Start of Block

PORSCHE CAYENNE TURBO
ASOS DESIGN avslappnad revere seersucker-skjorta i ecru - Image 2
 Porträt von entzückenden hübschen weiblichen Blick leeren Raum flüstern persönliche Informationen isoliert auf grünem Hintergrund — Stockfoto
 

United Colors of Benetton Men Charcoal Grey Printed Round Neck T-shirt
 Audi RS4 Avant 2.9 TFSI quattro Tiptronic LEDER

End of Block

__Exercise__
Set down the listing above in full, please, exactly as it appears.

__Solved exercise__
PORSCHE CAYENNE TURBO
ASOS DESIGN avslappnad revere seersucker-skjorta i ecru - Image 2
 Porträt von entzückenden hübschen weiblichen Blick leeren Raum flüstern persönliche Informationen isoliert auf grünem Hintergrund — Stockfoto
 

United Colors of Benetton Men Charcoal Grey Printed Round Neck T-shirt
 Audi RS4 Avant 2.9 TFSI quattro Tiptronic LEDER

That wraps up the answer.